In 2006, the Office of the State of California Chief Information Officer formed the Information Organization, Usability, Currency, and Accessibility (IOUCA) Working Group, which, in conjunction with the Department of Rehabilitation, created accessibility recommendations for California. These recommendations comply with California Government Code 11135 including Section 508 and the Priority 1 and 2 level checkpoints of the Web Content Accessibility Guidelines 1.0 (WCAG 1.0 “AA” Conformance Level) developed by the World Wide Web Consortium (W3C).
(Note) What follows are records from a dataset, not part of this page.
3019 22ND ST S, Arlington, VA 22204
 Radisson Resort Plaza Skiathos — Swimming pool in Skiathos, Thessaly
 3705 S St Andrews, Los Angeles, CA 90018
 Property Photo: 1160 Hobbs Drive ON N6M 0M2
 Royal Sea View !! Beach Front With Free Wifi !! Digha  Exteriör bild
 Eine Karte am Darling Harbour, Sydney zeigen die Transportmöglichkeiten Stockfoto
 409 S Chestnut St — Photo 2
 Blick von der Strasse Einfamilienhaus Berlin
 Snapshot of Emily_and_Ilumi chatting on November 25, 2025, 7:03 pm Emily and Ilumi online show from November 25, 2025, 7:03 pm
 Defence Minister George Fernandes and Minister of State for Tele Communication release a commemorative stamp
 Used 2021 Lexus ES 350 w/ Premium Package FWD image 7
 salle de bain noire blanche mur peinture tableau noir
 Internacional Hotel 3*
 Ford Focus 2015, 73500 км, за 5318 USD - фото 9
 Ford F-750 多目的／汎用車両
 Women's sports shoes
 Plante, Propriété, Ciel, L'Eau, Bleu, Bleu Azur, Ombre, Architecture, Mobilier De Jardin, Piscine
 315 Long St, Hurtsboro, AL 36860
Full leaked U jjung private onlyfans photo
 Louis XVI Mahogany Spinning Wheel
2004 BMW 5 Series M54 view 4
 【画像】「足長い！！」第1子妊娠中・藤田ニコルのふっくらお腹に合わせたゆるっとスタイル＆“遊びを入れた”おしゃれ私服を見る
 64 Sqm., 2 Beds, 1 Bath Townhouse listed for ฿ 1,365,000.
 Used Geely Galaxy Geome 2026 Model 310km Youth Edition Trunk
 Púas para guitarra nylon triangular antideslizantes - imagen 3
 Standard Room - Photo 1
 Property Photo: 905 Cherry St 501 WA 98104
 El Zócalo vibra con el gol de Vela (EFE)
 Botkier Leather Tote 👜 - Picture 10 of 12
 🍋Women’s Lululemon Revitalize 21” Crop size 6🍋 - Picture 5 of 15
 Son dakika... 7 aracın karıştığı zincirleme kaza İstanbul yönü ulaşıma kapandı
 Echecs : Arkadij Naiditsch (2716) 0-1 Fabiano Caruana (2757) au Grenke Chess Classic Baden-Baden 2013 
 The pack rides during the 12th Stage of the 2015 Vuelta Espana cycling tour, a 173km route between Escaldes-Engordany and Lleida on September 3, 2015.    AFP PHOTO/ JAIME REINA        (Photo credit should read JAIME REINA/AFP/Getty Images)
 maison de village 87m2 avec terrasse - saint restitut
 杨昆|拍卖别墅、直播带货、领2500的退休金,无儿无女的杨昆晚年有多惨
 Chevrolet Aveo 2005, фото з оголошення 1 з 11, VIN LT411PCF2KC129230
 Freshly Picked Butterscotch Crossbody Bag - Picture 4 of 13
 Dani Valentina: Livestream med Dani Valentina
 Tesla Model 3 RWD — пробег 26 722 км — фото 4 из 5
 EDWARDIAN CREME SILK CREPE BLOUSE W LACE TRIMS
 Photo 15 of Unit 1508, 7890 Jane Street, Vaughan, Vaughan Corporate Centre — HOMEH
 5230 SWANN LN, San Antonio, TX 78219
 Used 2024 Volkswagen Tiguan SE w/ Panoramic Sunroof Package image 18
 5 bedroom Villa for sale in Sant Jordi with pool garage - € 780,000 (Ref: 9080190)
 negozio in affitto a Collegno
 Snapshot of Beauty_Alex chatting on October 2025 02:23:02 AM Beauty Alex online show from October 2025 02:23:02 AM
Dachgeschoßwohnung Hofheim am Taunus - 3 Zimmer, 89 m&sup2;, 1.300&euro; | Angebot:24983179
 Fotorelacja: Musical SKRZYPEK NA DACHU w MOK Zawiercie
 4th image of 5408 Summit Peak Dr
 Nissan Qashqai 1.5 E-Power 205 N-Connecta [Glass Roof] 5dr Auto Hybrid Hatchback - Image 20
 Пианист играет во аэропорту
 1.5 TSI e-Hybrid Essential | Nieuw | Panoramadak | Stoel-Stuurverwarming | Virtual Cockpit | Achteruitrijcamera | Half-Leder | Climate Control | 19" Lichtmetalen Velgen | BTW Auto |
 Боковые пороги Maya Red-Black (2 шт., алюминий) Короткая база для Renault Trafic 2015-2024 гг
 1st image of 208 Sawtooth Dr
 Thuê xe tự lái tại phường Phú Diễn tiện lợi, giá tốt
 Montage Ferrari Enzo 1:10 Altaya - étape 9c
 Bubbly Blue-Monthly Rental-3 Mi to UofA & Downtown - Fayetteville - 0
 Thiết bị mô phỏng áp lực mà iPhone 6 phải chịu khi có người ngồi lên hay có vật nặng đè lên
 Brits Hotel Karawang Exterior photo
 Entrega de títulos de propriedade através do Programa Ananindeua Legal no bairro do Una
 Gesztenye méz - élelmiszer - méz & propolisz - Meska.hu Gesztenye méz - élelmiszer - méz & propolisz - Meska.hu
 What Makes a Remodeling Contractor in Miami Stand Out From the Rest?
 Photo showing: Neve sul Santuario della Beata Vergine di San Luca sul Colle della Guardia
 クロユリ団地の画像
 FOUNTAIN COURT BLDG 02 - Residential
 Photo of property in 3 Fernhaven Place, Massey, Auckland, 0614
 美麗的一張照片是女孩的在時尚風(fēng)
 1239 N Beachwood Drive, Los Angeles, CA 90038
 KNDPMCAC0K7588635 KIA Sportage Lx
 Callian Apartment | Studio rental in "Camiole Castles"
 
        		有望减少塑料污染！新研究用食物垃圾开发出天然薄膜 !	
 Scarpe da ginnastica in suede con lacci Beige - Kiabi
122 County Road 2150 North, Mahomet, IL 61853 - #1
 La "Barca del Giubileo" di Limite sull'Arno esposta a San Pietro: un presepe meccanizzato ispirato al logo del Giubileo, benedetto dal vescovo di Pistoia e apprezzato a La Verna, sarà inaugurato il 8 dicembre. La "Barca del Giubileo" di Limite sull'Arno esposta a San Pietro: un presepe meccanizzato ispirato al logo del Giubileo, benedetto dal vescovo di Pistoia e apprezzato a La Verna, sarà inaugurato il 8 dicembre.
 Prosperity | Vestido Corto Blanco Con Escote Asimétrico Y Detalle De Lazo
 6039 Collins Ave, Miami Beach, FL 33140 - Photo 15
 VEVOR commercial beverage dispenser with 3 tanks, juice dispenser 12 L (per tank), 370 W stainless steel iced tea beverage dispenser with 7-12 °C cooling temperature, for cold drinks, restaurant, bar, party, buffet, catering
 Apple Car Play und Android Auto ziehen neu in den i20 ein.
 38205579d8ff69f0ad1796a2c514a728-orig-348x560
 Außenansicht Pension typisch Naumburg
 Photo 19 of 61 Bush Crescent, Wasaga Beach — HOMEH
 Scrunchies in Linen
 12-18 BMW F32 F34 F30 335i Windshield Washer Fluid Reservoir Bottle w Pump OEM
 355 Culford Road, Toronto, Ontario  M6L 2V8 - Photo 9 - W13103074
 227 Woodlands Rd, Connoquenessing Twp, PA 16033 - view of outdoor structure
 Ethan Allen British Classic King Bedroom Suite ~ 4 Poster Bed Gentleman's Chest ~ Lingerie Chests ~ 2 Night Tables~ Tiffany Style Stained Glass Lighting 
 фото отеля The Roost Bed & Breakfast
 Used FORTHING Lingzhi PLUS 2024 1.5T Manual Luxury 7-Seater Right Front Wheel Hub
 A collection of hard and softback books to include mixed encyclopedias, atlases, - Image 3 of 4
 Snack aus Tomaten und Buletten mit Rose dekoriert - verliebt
These recommendations were adopted as statewide standards on June 16, 2006 by the State Portal Review Board, and July 14, 2006 by the State Portal Steering Committee, and are to be used for planning new and redesigned state websites.

Why Accessibility Is Important

The Internet has dramatically changed the way state and local governments do business. Today, government agencies routinely make much more information about their programs, activities, and services available to the public by posting it on their websites. As a result, many people can easily access this information seven days a week, 24 hours a day.

Many government services and activities are also provided on websites because the public is able to participate in them at any time of day and without the assistance of government personnel. Many government websites offer a low cost, quick, and convenient way of filing tax returns, paying bills, renewing licenses, signing up for programs, applying for permits or funding, submitting job applications, and performing a wide variety of other activities.

The Americans with Disabilities Act and, if the government entities receive federal funding, the Rehabilitation Act of 1973 generally require that state and local governments provide qualified individuals with disabilities equal access to their programs, services, or activities unless doing so would fundamentally alter the nature of their programs, services, or activities or would impose an undue burden.

The Webmaster’s Role

The webmaster’s role in accessibility is to:

  • Become an advocate for accessibility in the agency
  • Be as knowledgeable as possible on the subject when validating for accessibility
  • Build accessible sites
  • Use automated testing but confirm it manually
  • Perform manual checks on the 50% missed by automated testing
  • Gain an appreciation of web accessibility by understanding the user perspective – testing with people with disabilities.